‘Consistency’ has about as much sex appeal as preparing one’s tax return. With the likes of machine learning & AI, RPA, DLT all jostling for our attention, little wonder that few around the top table are giving thought to such a dull-sounding concept…
The alluring young woman above might have thought otherwise. Born in the first decade of the last century, the stark reality of two world wars defined her worldview. She grew up in a world that prized stoicism, ‘keep calm and carry on’ and the stiff upper lip. For her, ‘consistency’ was a worthy quality, something to be aspired to…
Who was this young woman? – An early pioneer of women in finance or technology? Sadly not. As a prize-winning scholar, she did not lack for intellect, but sadly she belonged to an era in which women’s education was considered dispensable, and her potential was never realised.
She was my grandmother. For me, she epitomises everything that we commonly associate with the term ‘consistency’, but which has fallen so out of vogue.
It seems a world apart from today’s reality, in which we prize spontaneity and ‘authenticity’ and we consider it perfectly normal for pretty much anyone from hormonal teen to Head of State, to vent uncensured to the world their innermost musings. (Granny must be turning in her grave…)
This is a pity, because in the world of technology, ‘consistency’ has a very specific meaning that I don’t believe that many non-techs (like myself until recently) grasp. In my view the negative associations around this term are holding us back from talking about something that should be high on the agenda for organisations with complex, data-driven operations looking to modernize their tech.
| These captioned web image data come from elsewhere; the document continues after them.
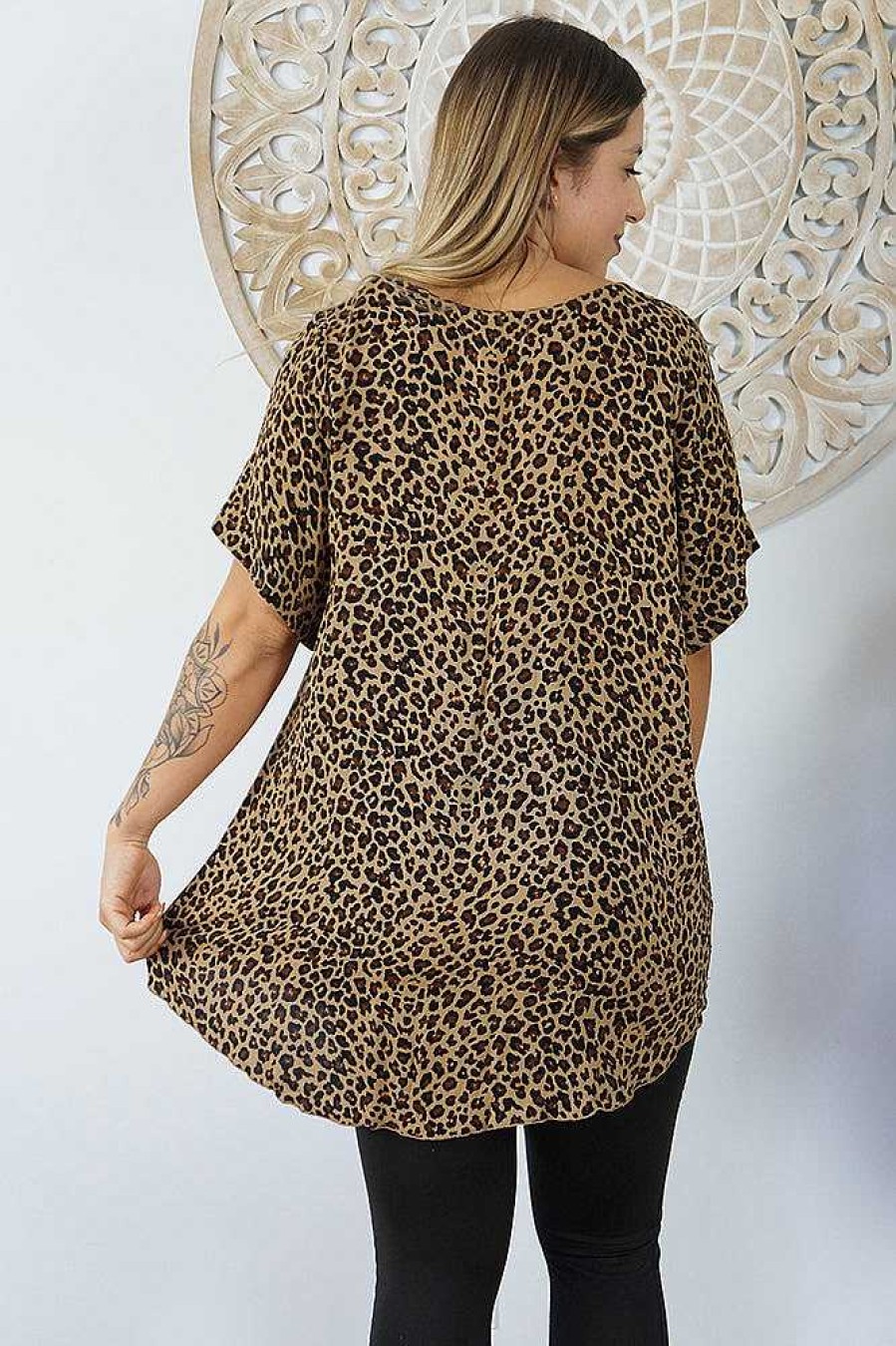 Plus Size Sundrenched | Newport Top "Baby Cheetah"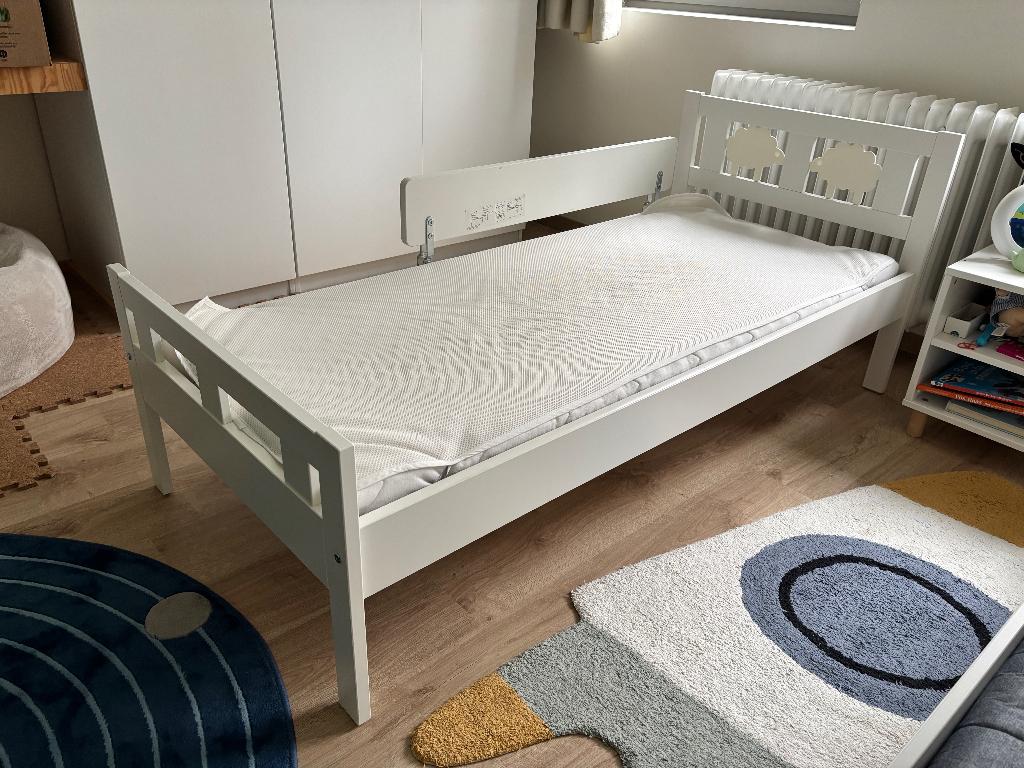 Kritter peuterbed met matras en matrasbescherming, Gebruikt, 70 tot 85 cm, 140 tot 160 cm, Ophalen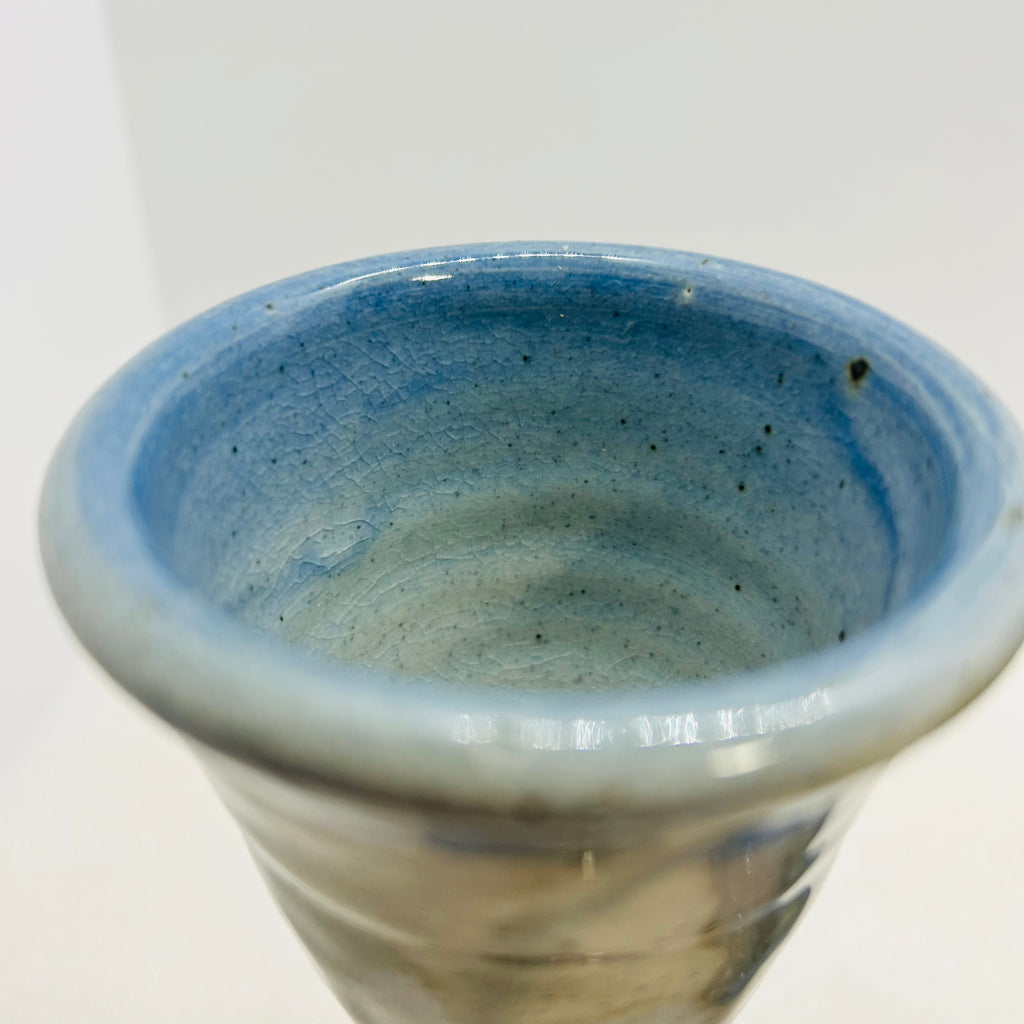 Vintage Studio Pottery Wine Goblets Blue Green Drip Glaze M Seal Set of 2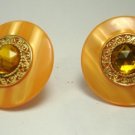 Vintage Orange Lucite Big Button Clip Earrings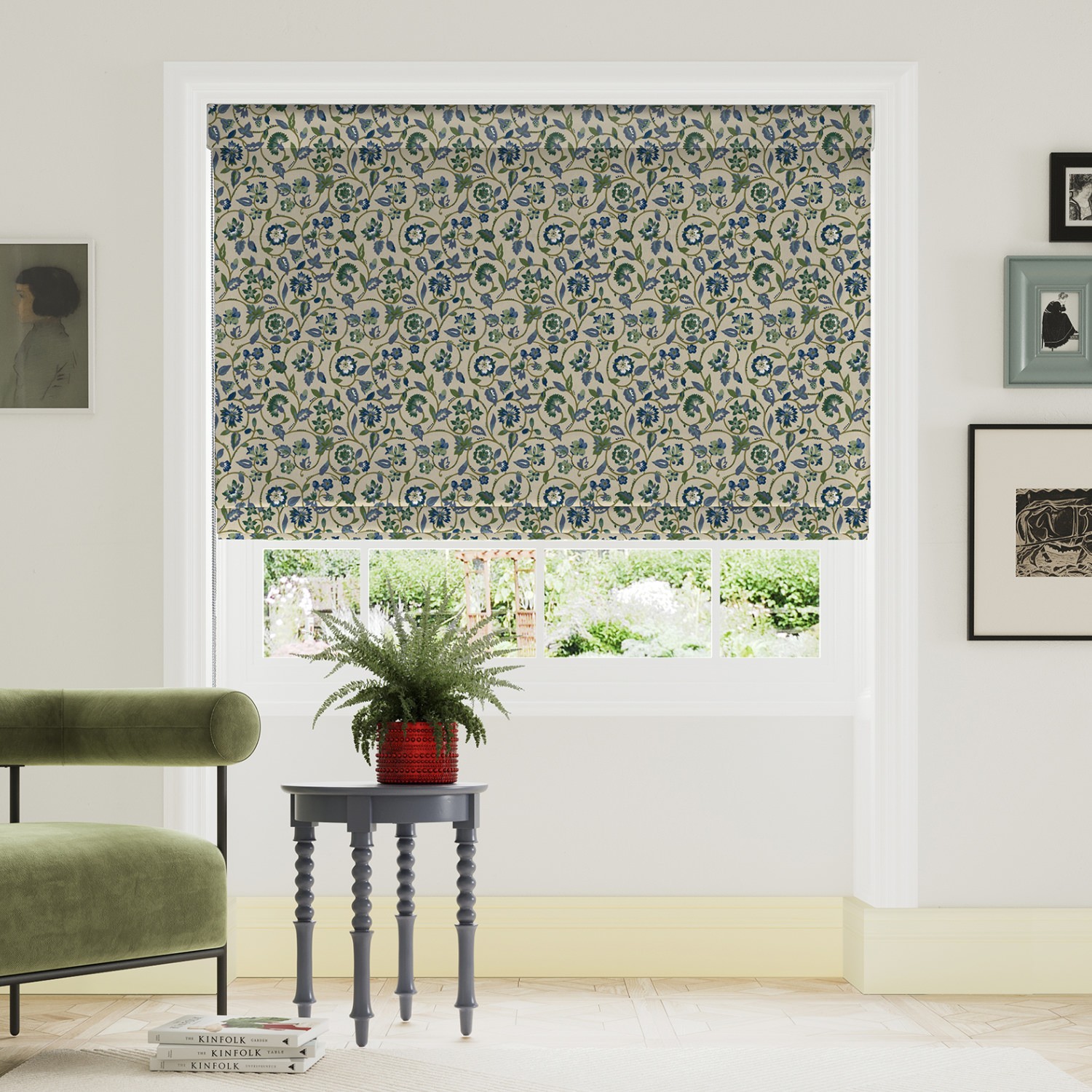 land & shore esther green roman blind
Thus with this article I hope to bring back a little ‘allure’ to this maligned term.
So what is ‘consistency’, from a tech standpoint?
Consistency is a property of a system (typically delivered from the database) which requires that whenever data is viewed, it will be accurate. In a consistent system, it is impossible to partially update a collection of changes (usually grouped as a ‘transaction’); the transaction is a contract that guarantees that either all changes are completed, or none at all. (Note that the term “transaction” refers to any chunk of work which collectively creates a coherent unit. A financial transaction would be an example, but there could be many others). The concept of a transaction is very important to data quality; the ability to load up a partial transaction could be at best meaningless and at worst highly misleading. For example, if just one leg of a composite derivative were committed to the database, without the hedging leg, it might cause limits to be erroneously breached.
Getting a consistent view of a relational database on a single server is easy; all the data is in one place. Things get slightly harder when you have data replicated across multiple locations (e.g. disaster recovery). Typically there is a slight delay between the 2 datastores, so things can get out of synch for a brief period.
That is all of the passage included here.